ひゅうと吹いた夜風の音にドキッとするほど廊下は静まっていた。

大森山の向こうにある廃校で人体模型がひとりでに動き出すらしい。そんなひどくありきたりな怪談話が僕通っている小学校でも流行っていた。馬鹿馬鹿しいと聞き流していたはずの僕がどうして一人でその廃校に来ているのだろうか。とにかく気づいたらにここにいた。
 
開いている窓に気づき隙間のないよう閉じると廊下は再び静かになった。
一息ついて前を見る。
(とりあえず一階を端から見て周ろう)

何の音も聞こえない。

1階の突き当りまで行くと理科室と書かれた教室にたどり着いた。
黒いカーテンで中は見えない。
(人体模型といったら理科室かな…)
ゆっくりとドアを引く。

ギ…ギ…とどうしても音が鳴ってしまう。

部屋の中に人体模型はなかった。
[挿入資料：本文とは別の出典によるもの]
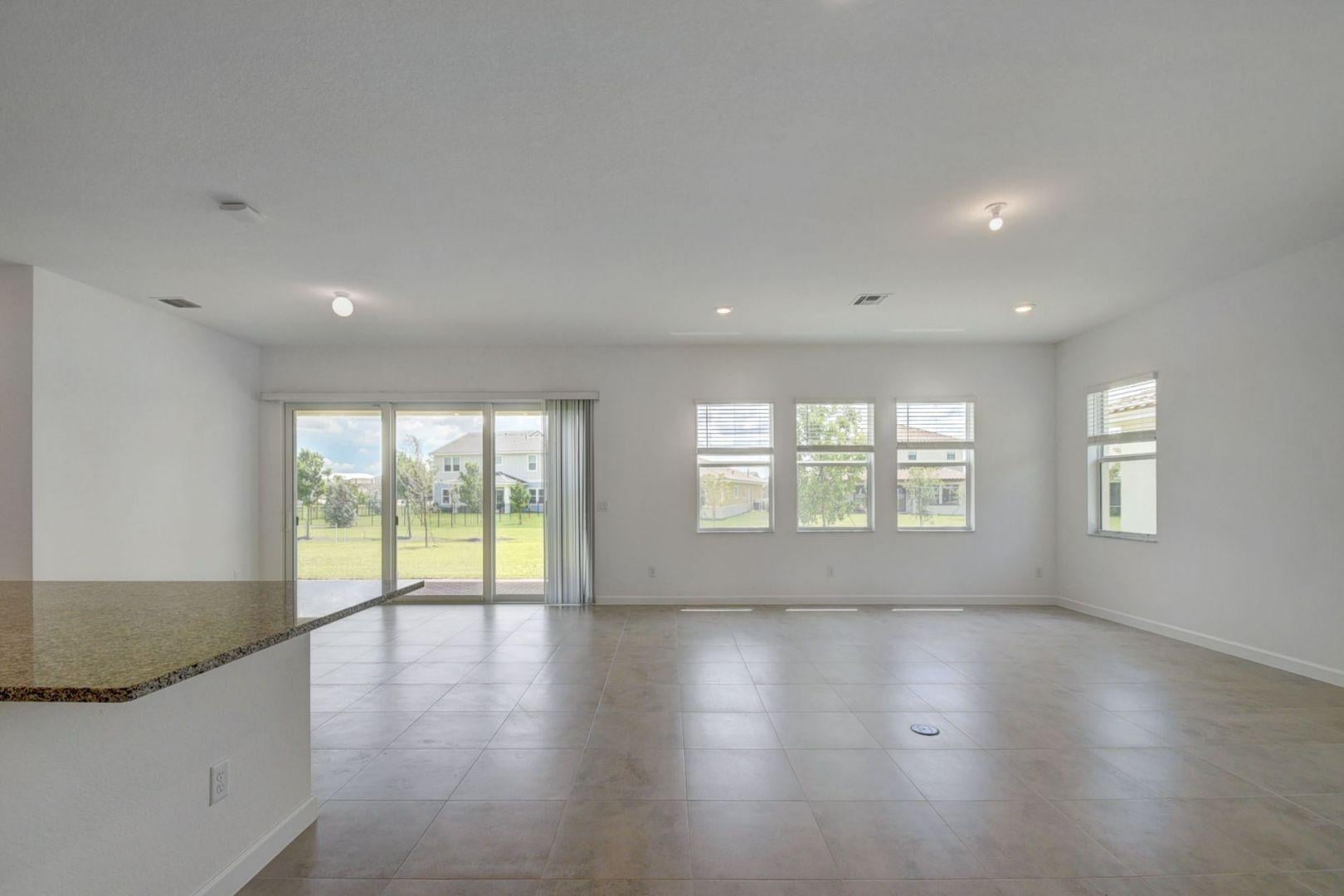  Residence photo 5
うちの学校の理科室と同じように少し広い机と四角い椅子が並んでいるだけだ。
仕方ない、次は二階を見てみるかと教室を出ようとしたそのときギシギシと廊下から足音がした。

とっさに机の下に身を隠す。

人?こんな夜中に?警備員?いや人ならまだいいんだけど…
足音が近づいてくる…まっすぐこっちにきている…もう教室の前…すぐそこに…
ドアが開いた。しんと静まり帰る理科室。僕はぎゅっと目を瞑った。
 
ギシ…

ギシ…

ギシ…

「おいお前、どうやってここに?」

見上げると足音の主はリュックサックを背負った、たぶん人間だろう。若い男の人だ。右手の懐中電灯でこちらを照らしている。
あたふたしながら学校で聞いた人体模型の怪談話とそれを聞いてここに来たことを説明していると少し落ち着いてきた。
リュックサックの男は、二十歳くらいかな?リュックから取り出した紙をちらちらと見ながらも黙って僕の話を聞いてくれる。
(建物の管理人さんとかかな?いや若いから、アルバイト?)

「じゃ、俺と目的は大体おんなじだな。」
「俺も実は、お化けを捜しに来たんだ。」
本気だろうか?
男はリュックから機械やらなにやらを取り出して、これはこういう道具でどうのこうのと説明を始めた。本気なのは本気らしい。幽霊を本気で信じるなんて馬鹿馬鹿しいと言いかけたけれど、わざわざここに来ている自分が言えた話じゃないな。
「せっかくだから一緒に来るか?」
僕は頷いた。本当はもう帰りたかったけど、逆らって問題にされるのも嫌だったのだ。


二人で二階を見て回ることにした。
木造の廊下がミシミシと音を鳴らす、ふとお兄さんの足元を見た。
足は、ある。しかしちょっと不安だ。
「お化けって足はあるの?」
「んー、弱い霊だと手足の先になるほど薄くて見づらいんだけど見る人の霊感の強さによるかな。」
「ふーん、あるのはあるんだね。」
「ああ。でも面白いのが浮けるのに生前の名残でちょうど床の上に足がくる位置にいる霊が多いんだ。透けるから床には触れられないんだけど。」

その瞬間、廊下の奥にある部屋の電気がパチッと着いた。
二人揃えて息をのむ。

何とか心を落ち着けて、小さな、小さな声を絞り出した。

「他の人も来てるの?」
「いや、俺以外は来ていないはずだ」
お兄さんも緊張している様子だったが、怖がっているというよりも、集中して、たったひとつ明かりの灯った部屋を視ていた。
「行けるか?」
心配して聞いたのだろう。ただその声に何だか挑発された気分になって、行ける、と自分から先に足を踏み出した。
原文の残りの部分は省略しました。